His dad said it best: “Everybody must get stoned.” Now it’s Jakob Dylan’s turn to weather a pummeling. First, the indignity of low sales and indifferent critical response to Breach, The Wallflowers’ follow-up to the massive 1997 hit Bringing Down the Horse. Then, only a couple of months after it became clear that Breach isn’t even a hot Napster score, Entertainment Weekly and several smaller publications hang the black wreath of Worst Album of 2000 across the disc. No wonder people hate music critics.

Let’s get something straight: The worst album EW critic David Browne heard last year is sitting in a $1.99 bin somewhere in Brooklyn, completely forgotten, not worth writing about or remembering to damn at year’s end. People who write about music do the same thing consumers do: slide the disc in, then wait for the magic or the muck, finger poised above the remote control waiting to slit the singer’s throat or reward him with “repeat.” From the guy who labeled Robbie Williams’ bloated 1999 disc as the best of that year, trampling The Wallflowers seems a little disingenuous. Besides, the people he might prevent from buying Breach have already chosen not to buy it; it’s not as if they would go pick up a Sleater-Kinney disc instead.

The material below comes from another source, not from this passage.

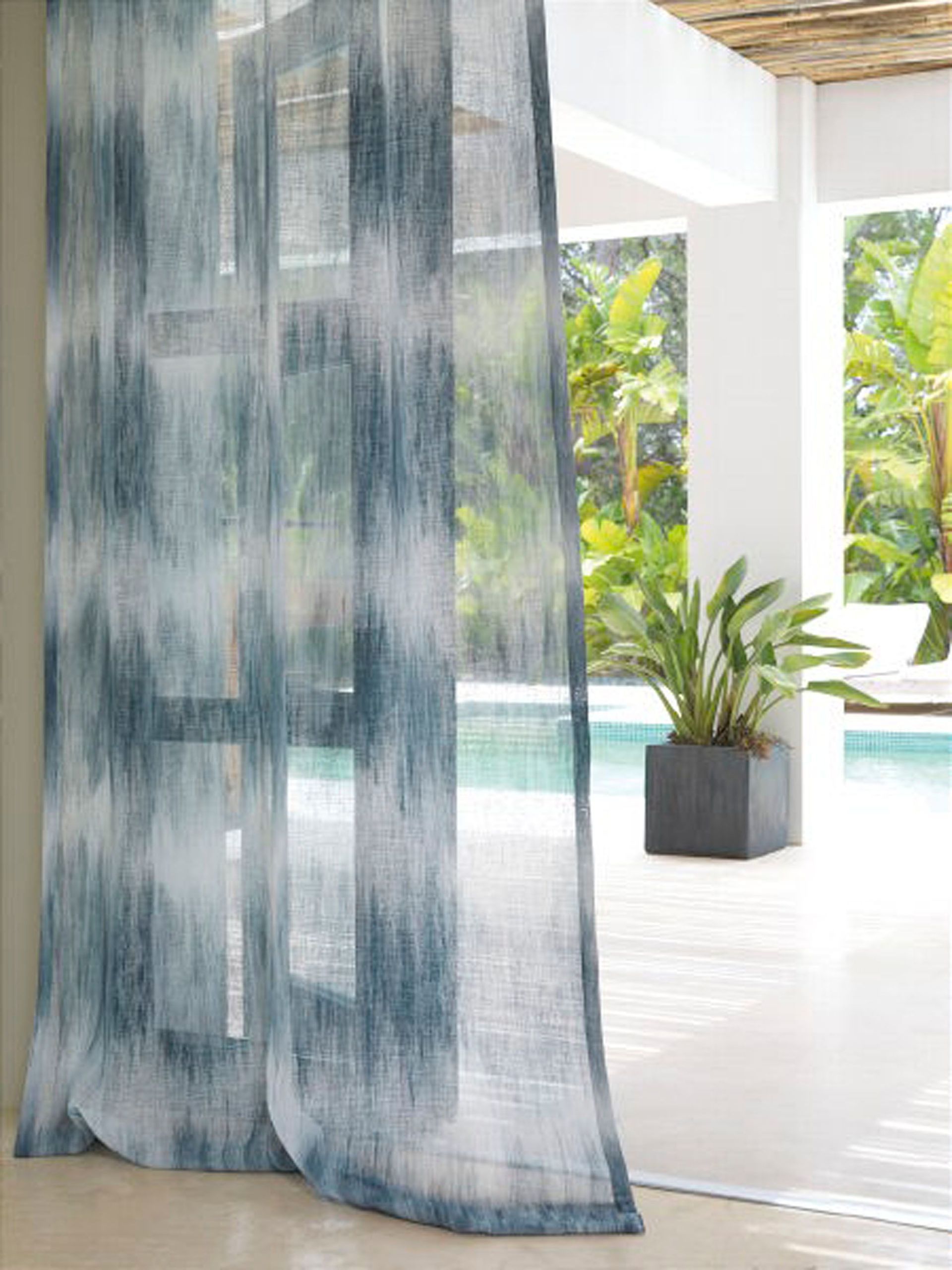 An einem Fenster in einem Zimmer hängt ein blau-weißer Vorhang.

But just because Breach doesn’t deserve to be piledriven, there’s no reason to assume it’s a classic. It’s not. Dylan is a maddeningly vague lyricist and mannered singer, and the band mostly operates at an Eagles-comalike 45-degree angle. Michael Penn’s coproduction (with Andrew Slater) putters in the background, his signature Chamberlin, vibes and brass quartet an afterthought poking into the mix like a Terry Gilliam illustration predictably invading a Monty Python sketch. Elvis Costello, now a guest even on his own albums, lends his sneer-for-hire to the shortest track; his self-parody sinks “Murder 101” by being much more interesting than the song.

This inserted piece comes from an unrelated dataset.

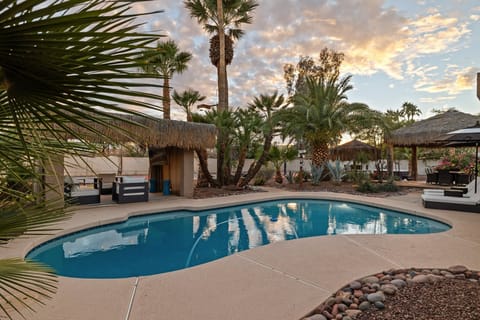Tropical backyard oasis with pool, palm trees, and cozy tiki-style cabanas.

But “Letters From the Wasteland” and “Sleepwalker” are as coyly fulgent and radio-ready as “One Headlight” and “Sixth Avenue Heartache” from Horse, and the brisk 42-minute running time is the Concorde against the twin-prop lethargy of, say, a Counting Crows disc. (What the Crows and the ‘Flowers have in common are a knack for catchy singles and a habit of surrounding those songs with fake goo; their albums are like Jell-O molds holding a few tasty marshmallows hostage.) Still, Breach isn’t brain surgery, and it’s not without pleasure.

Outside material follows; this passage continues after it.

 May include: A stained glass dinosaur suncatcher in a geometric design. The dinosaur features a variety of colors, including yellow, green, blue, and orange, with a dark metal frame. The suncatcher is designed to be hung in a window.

You can carp about the relative dearth of honest songwriting from would-be Rimbauds backed by big-label bucks, but the real lie occurs when a press bribed and snookered by those dollars into championing mediocre acts tries to buy back legitimacy by printing heavy-handed critical dismissals. If The Wallflowers were ever important enough to deserve a braining for this failure, it’s not because anyone but an overeager press said so three years ago. Then and now, they weren’t wrong or right, just dumb.